This package provides a REST API to the asmtransformers and its
ARM64BERT-embedding model,
bridging Ghidra to a search index to find similar functions in ARM64 binaries.
See sententia for the Ghidra plugin that uses this REST API to both add functions to the search index
and search for possible function names / labels based on vector similarity.
The citatio REST API takes 2 configuration options:
- The model to be used for embedding (currently, only
NetherlandsForensicInstitute/ARM64BERT-embeddingis supported); - The database to store both assembly and embeddings in (currently, only SQLite is implemented).
Both of these can be configured through environment variables:
CITATIO_MODEL: a local path or huggingface model name (though again, currently on theARM64BERT-embeddingmodel is supported);CITATIO_SQLITE_DATABASE: either:memory:or a local path to a SQLite database (will be created if it doesn't currently exist).
The defaults for these values are NetherlandsForensicInstitute/ARM64BERT-embedding and :memory:,
resulting in a functioning but non-persistent service.
Note
After observing concurrency issues with SQLite and sqlite-vec, the REST API is currently served fully serialized and is consequently fairly slow.
We're expecting to be able to solve this by using PostgreSQL and pgvector.
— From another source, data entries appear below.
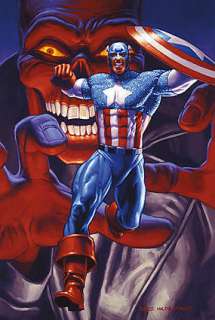 GREG HILDEBRANDT CAPTAIN AMERICA RED SKULL Painting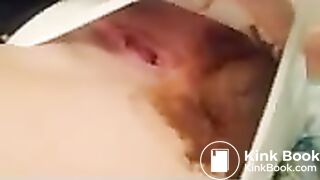 Gf finishing white panty poop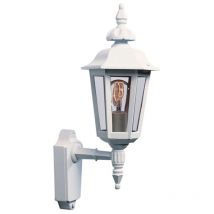 Konstsmide - Pallas Applique murale d'extérieur classique Lantern Up - Blanc mat, IP23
Running the REST API service follows the default FastAPI command line setup,
where the application is available from the citatio module:
$ fastapi dev citatio # runs a development server
$ fastapi run citatio # runs a production server
See requirements for installation of citatio with its dependencies
(including fastapi and asmtransformers).
Both the development and production servers will host a Swagger documentation for the available API, though end users are encouraged to use the ready-made Ghidra plugin (sententia).
Python 3.12 or newer with SQLite version 3.35.0 or newer.
Installing this project locally can be done using pip:
$ python3 -m pip install .
For further development, this project uses PDM and pyproject.toml to manage dependencies.
See PDM's installation instructions to get started,
and subsequently call pdm install from the project's directory to automatically create a new virtual environment with dependencies.